* [Required action]: Beginning at the line with "437 Brookstone Dr, Lagrange, GA", please repeat each line exactly through the end of the records below, including that first line and the last, but no pictures.

═══ Exercise data

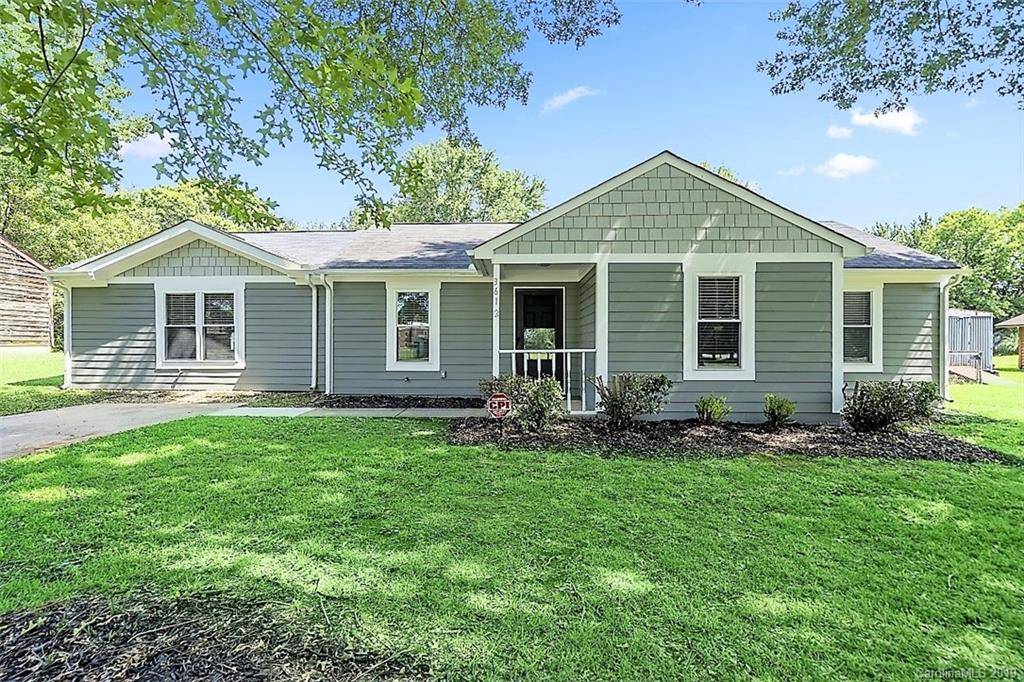 3612 Cobbleridge DR, Charlotte, NC 28215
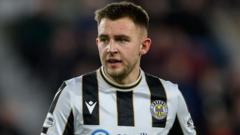 Wycombe sign Northern Ireland's Boyd-Munce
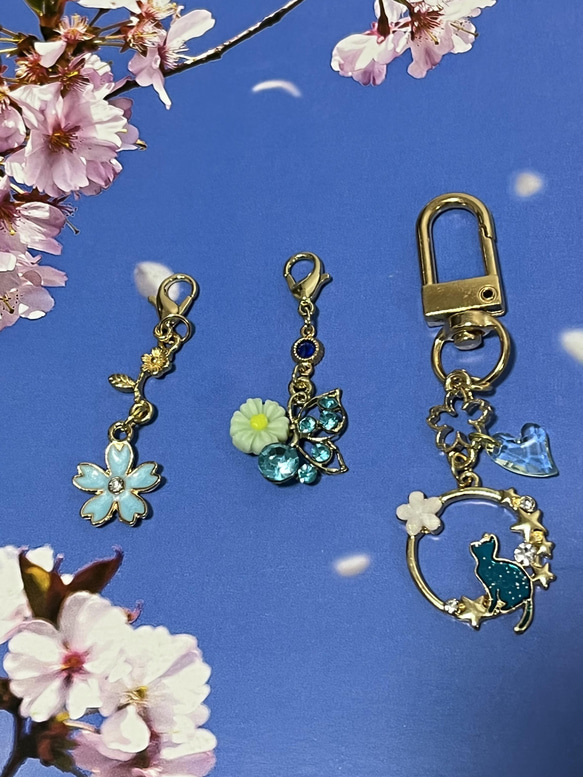 【 送料無料 】♡〈　Spring charm set  〉ブルー系カラーチャーム3点セット♡猫 蝶 桜の花びら 2枚目の画像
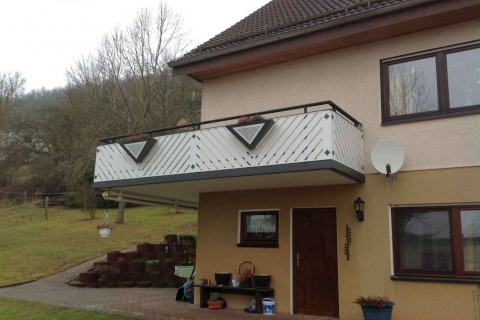 D111-Diagonal-Aluminium-Balkone-Balkongelaender-Rieb-Balkone-Wartungsfrei-Gelaender-Nie-mehr-Streichen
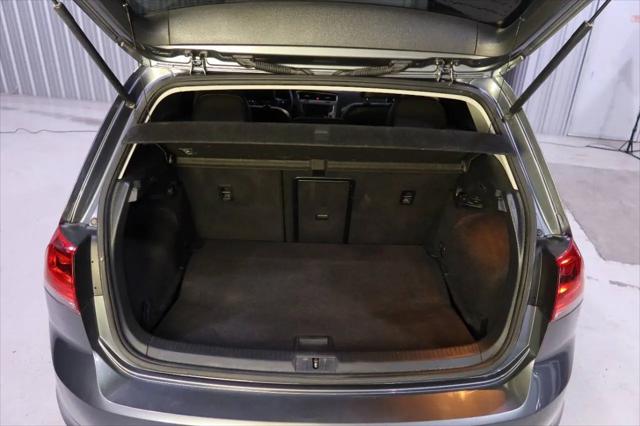 2015 Volkswagen Golf TDI S 4-Door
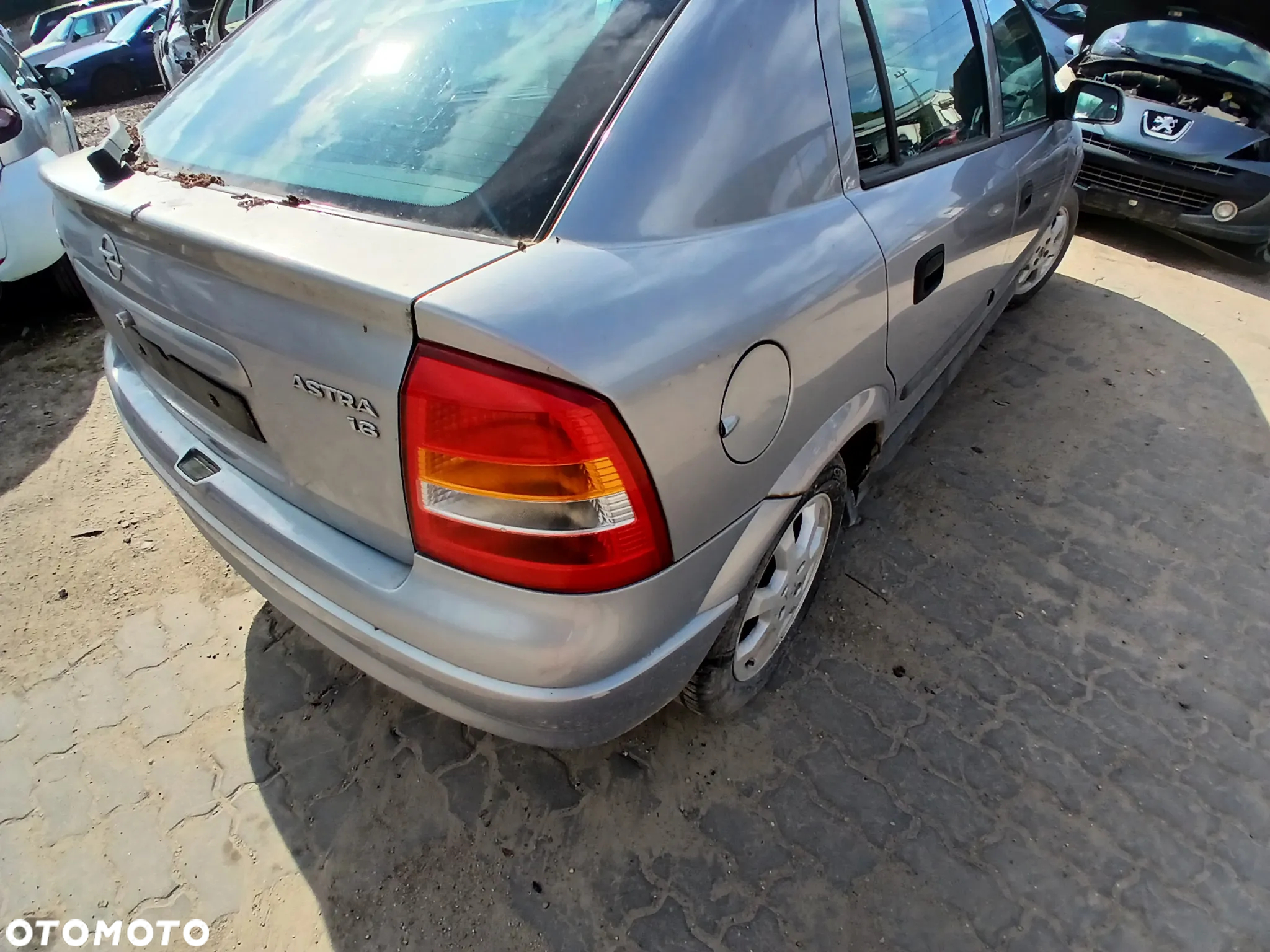opel astra G II silnik 1.6 8V 84KM Z16SE skrzynia MG4 napęd sanki belka wahacz wahacze zacisk zaciski - 2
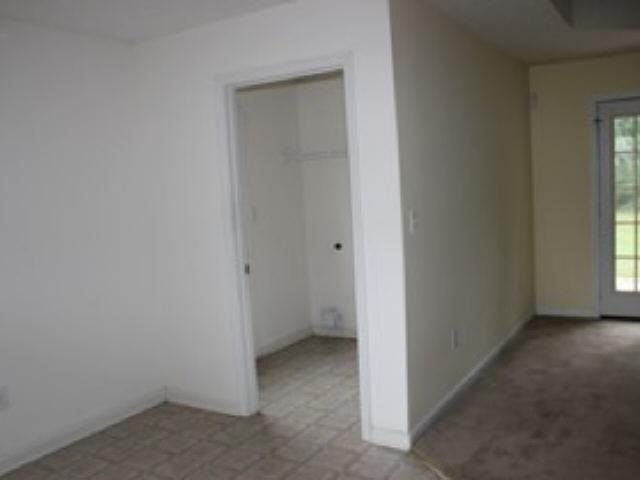 437 Brookstone Dr, Lagrange, GA 30241 photo 8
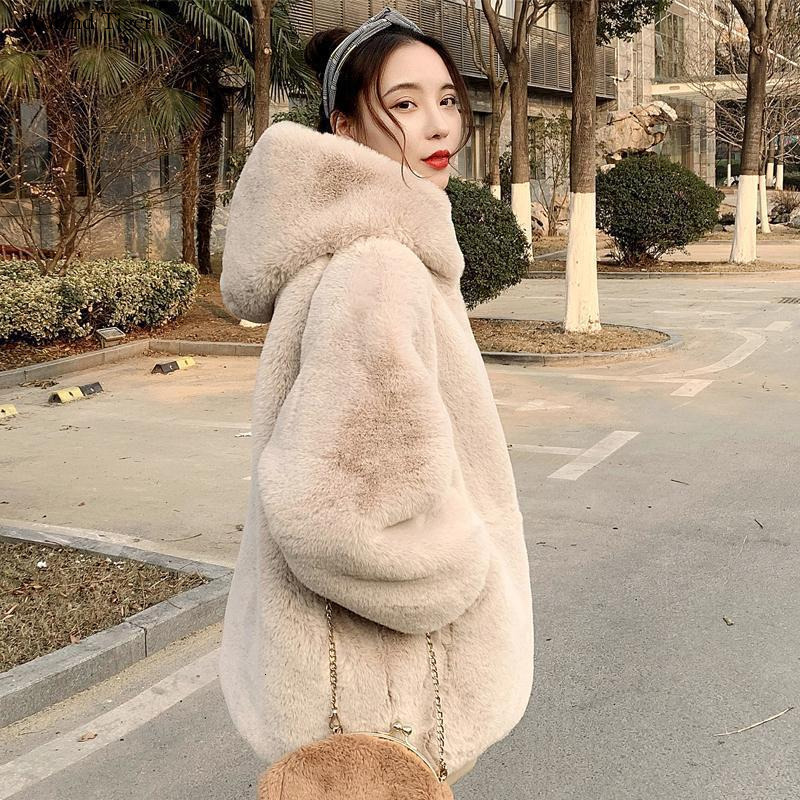 Roland Tiger Korean Version Furry Leather Coat for Women, Mid-Length, 2022 Winter Cocoon Zipper Faux Rabbit Fur Hooded Loose Coat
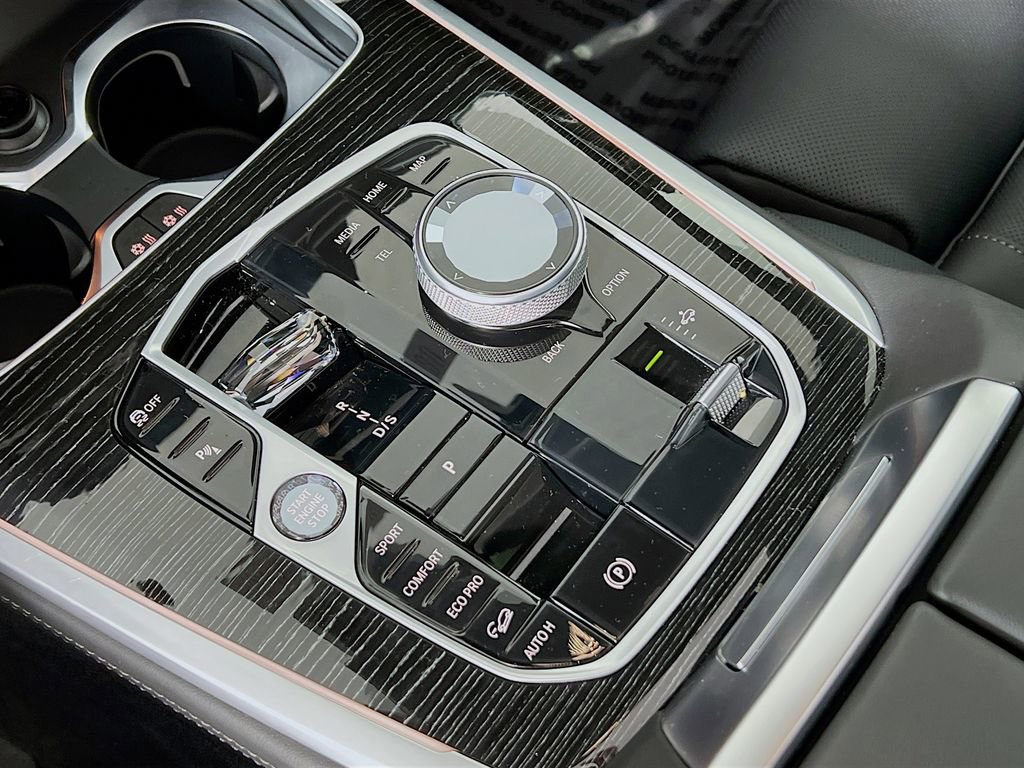 Used 2025 BMW X7 M60i image 17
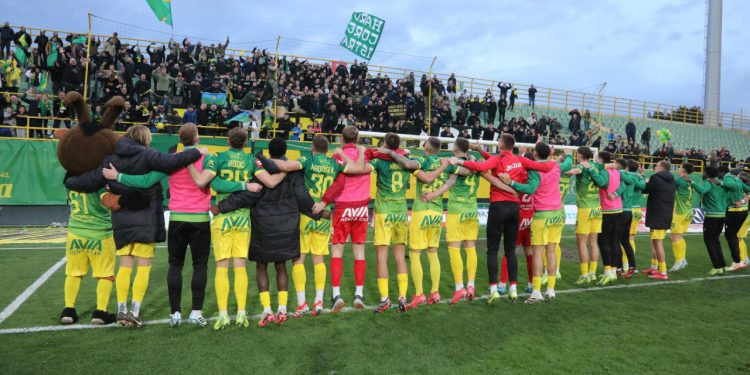 Sportske novosti – Istra popunila četiri navijačka autobusa za Osijek, pomama za navijačkim rekvizitima, pogotovo jednim dresom…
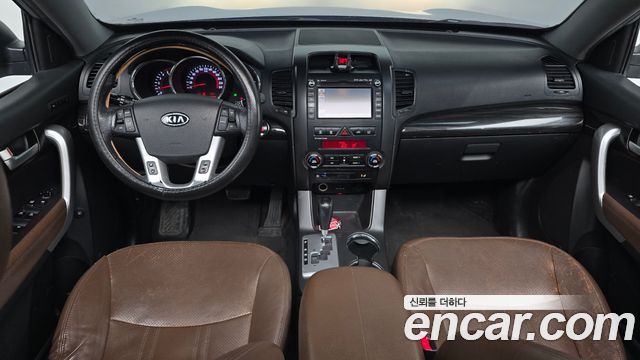 Kia Sorento — interior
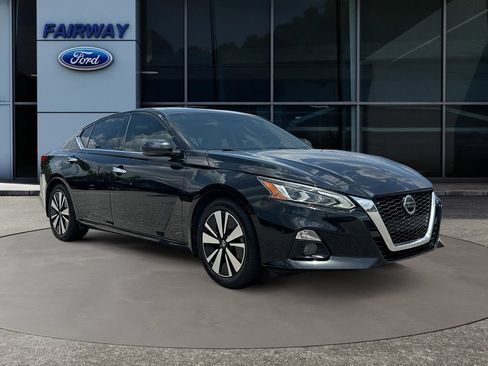 Used 2019 Nissan Altima 2.5 SV FWD image 3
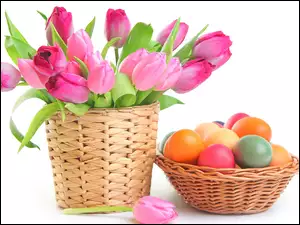 Kompozycja wielkanocna z różowymi tulipanami i pisankami w koszyczku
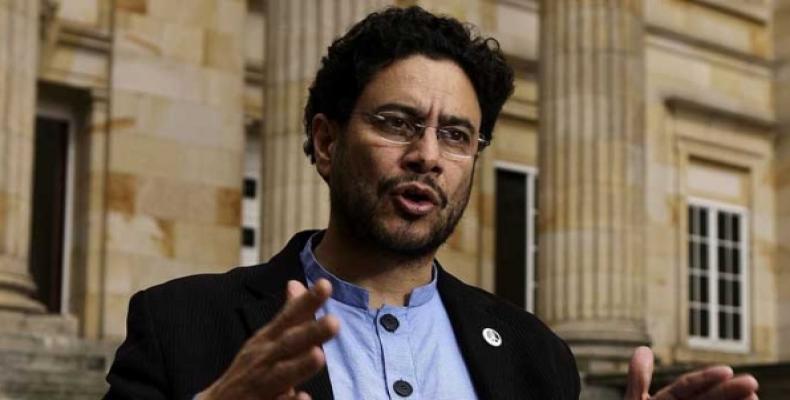 Senador colombiano solicita a Iván Duque que aclare si Colombia almacenará armas nucleares y biológicas de EE.UU.
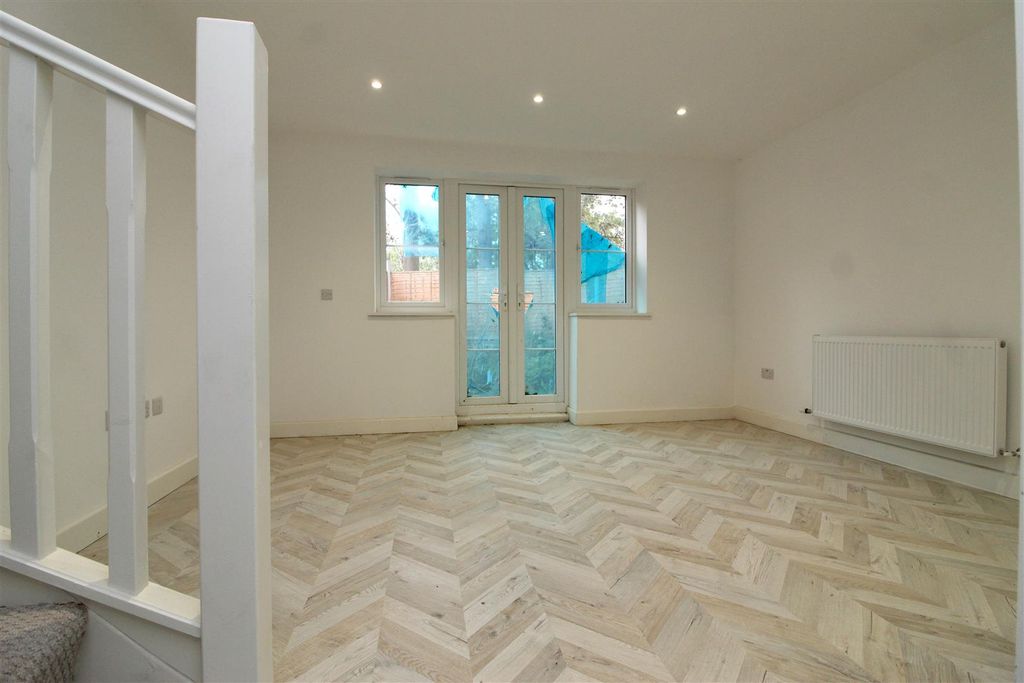 Property photo 2 of 10 Img_6781.Jpg
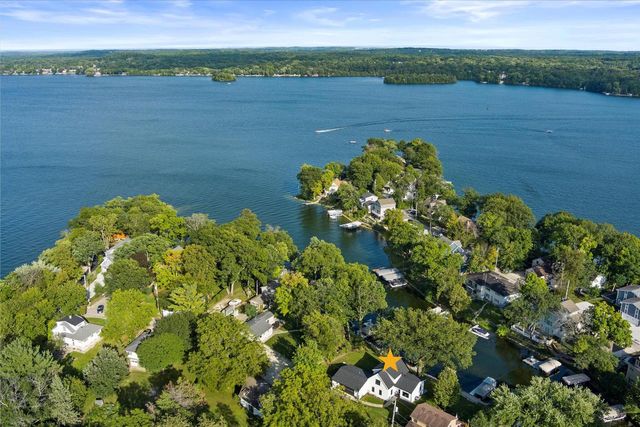 W345N5746 Road G, Oconomowoc, WI 53066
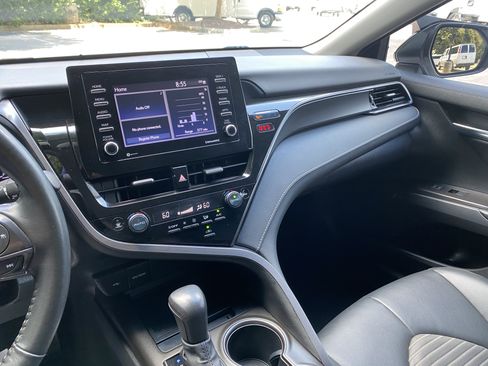 Used 2023 Toyota Camry SE FWD image 22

══════

* [Solution for this exercise]:
 437 Brookstone Dr, Lagrange, GA 30241 photo 8
 Roland Tiger Korean Version Furry Leather Coat for Women, Mid-Length, 2022 Winter Cocoon Zipper Faux Rabbit Fur Hooded Loose Coat
 Used 2025 BMW X7 M60i image 17
 Sportske novosti – Istra popunila četiri navijačka autobusa za Osijek, pomama za navijačkim rekvizitima, pogotovo jednim dresom…
 Kia Sorento — interior
 Used 2019 Nissan Altima 2.5 SV FWD image 3
 Kompozycja wielkanocna z różowymi tulipanami i pisankami w koszyczku
 Senador colombiano solicita a Iván Duque que aclare si Colombia almacenará armas nucleares y biológicas de EE.UU.
 Property photo 2 of 10 Img_6781.Jpg
 W345N5746 Road G, Oconomowoc, WI 53066
 Used 2023 Toyota Camry SE FWD image 22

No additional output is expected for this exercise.